Questa mattina il cambio ha registrato un violento ribasso che ha portato la quotazione da area 145.9 fino ad un minimo a 140.68 nel giro di un’ora. La causa è stata un intervento a sorpresa della Bank of Japan (BOJ) effettuato con lo scopo di frenare l’indebolimento dello Yen che, nei confronti del Dollaro, era iniziato a gennaio 2020 quando il cambio aveva toccato il livello di 101.18.


In particolare negli ultimi mesi, la divergenza tra l’approccio molto aggressivo della FED nell’alzare i tassi di interesse e la BOJ che invece sta ancora mantenendo un approccio di stimolo all’economia, ha fatto si che la corsa al rialzo del cambio avesse assunto ancora più impeto, e forza.

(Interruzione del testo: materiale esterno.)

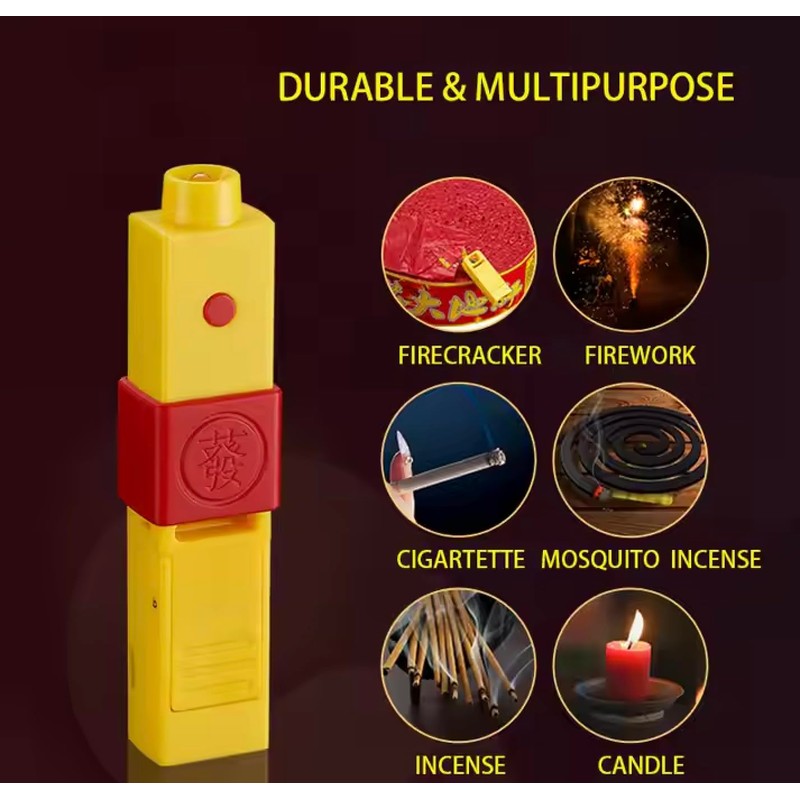 Remote Control Firework Flameless Lighter, 10 Meters/32 Feet Range, LED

Oggi però è successo qualcosa di diverso: la banca centrale giapponese ha mostrato i muscoli al mercato, lanciando un chiaro segnale rispetto alle sue intenzioni: lo Yen troppo debole sta infatti mettendo in seria difficoltà le aziende importatrici che si trovano costrette a comprare beni dall’estero, già resi più costosi dall’alta inflazione, con una valuta che stava continuando a deprezzari. Per questo motivo, la BOJ è entrata a mercato comprando una grande quantità di Yen.


A livello pratico, quali sono quindi le conseguenze sul mercato che i trader dovrebbero tenere in considerazione?

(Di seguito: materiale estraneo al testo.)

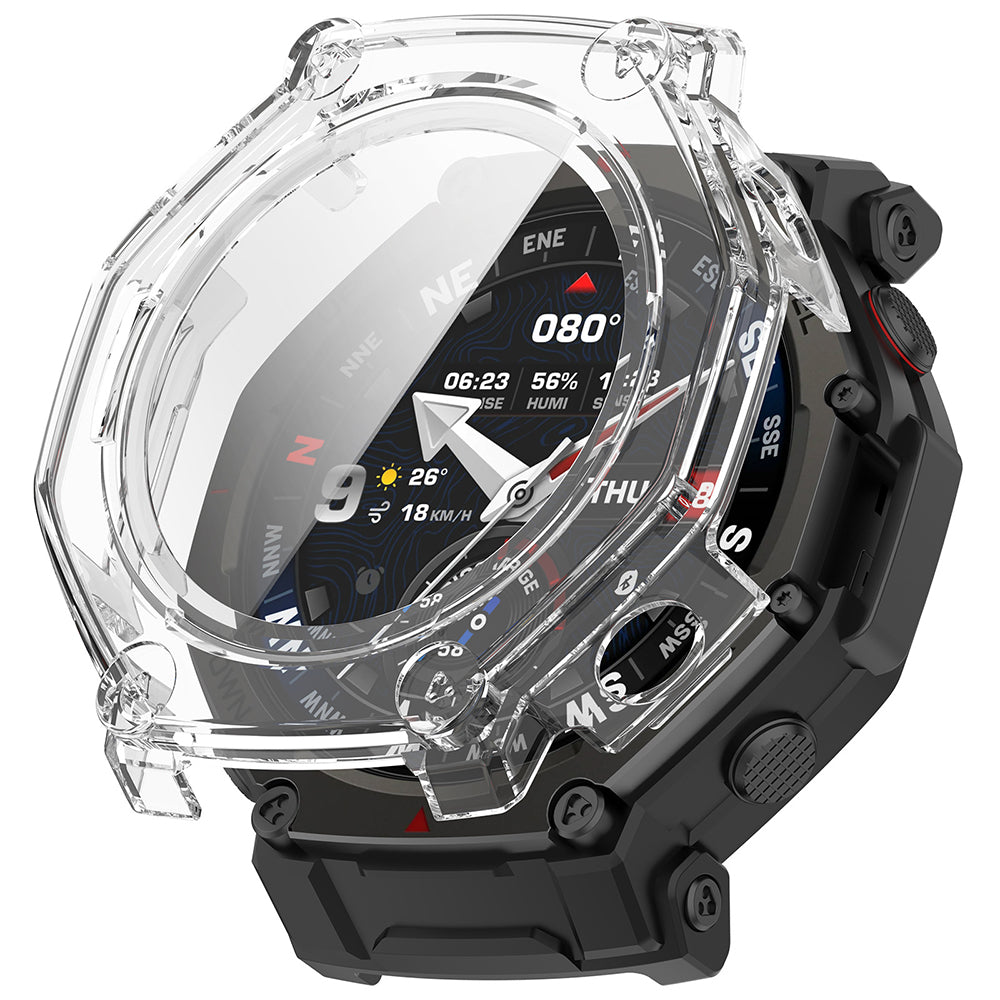 Folie de protectie smartwatch Techsuit Defense360 Pro + Screen Protector compatibil cu Amazfit T-Rex 3 Pro 48mm, Transparent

Da un punto di vista tecnico, l’intervento della BOJ ha creato una fortissima resistenza in area 145 che, almeno per il momento, ha respinto il rialzo dei prezzi.

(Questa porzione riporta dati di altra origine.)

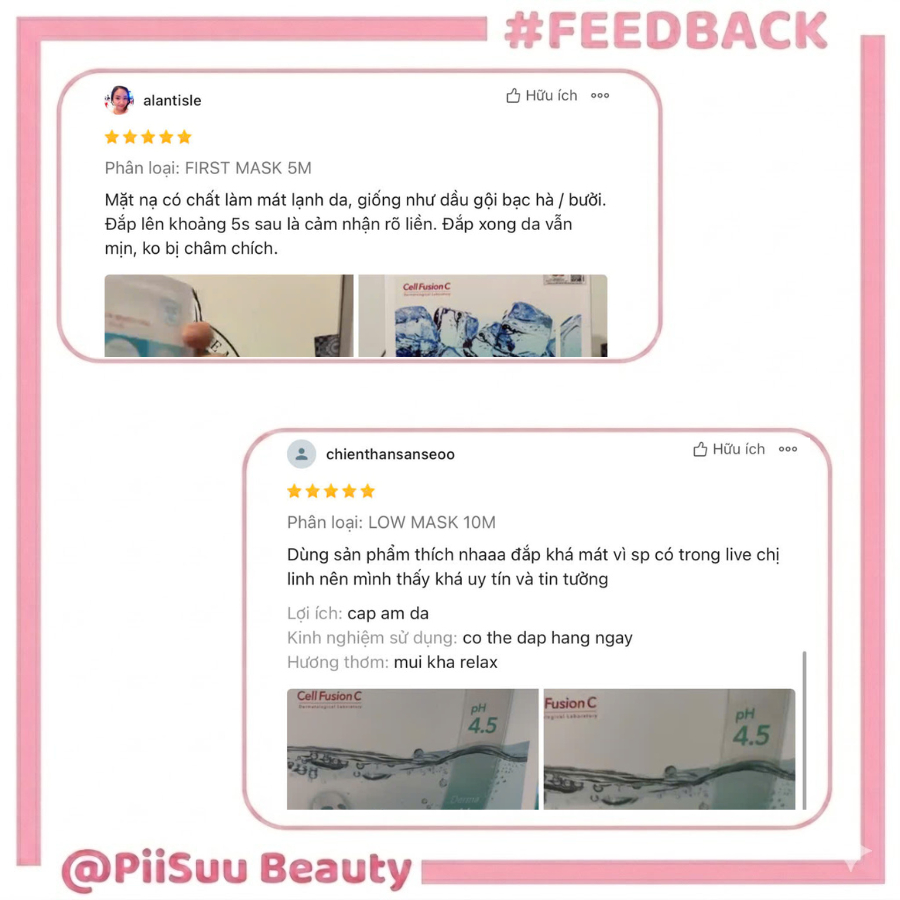 Mặt Nạ Hạ Nhiệt - 5 Độ & Làm Dịu Da Ứng Đỏ Cháy Nắng Cell Fusion C First Cooling Mask 5 Miếng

Ma molto importante è anche l’impatto psicologico che questa vicenda potrebbe avere avuto sui Forex trader: avendo visto cosa è successo questa mattina, ovvero una banca centrale intervenire a mercato facendo collassare i prezzi di 500 pips in pochissimo tempo, chi si sentirebbe ancora tranquillo di andare a dormire con una posizione long USDJPY?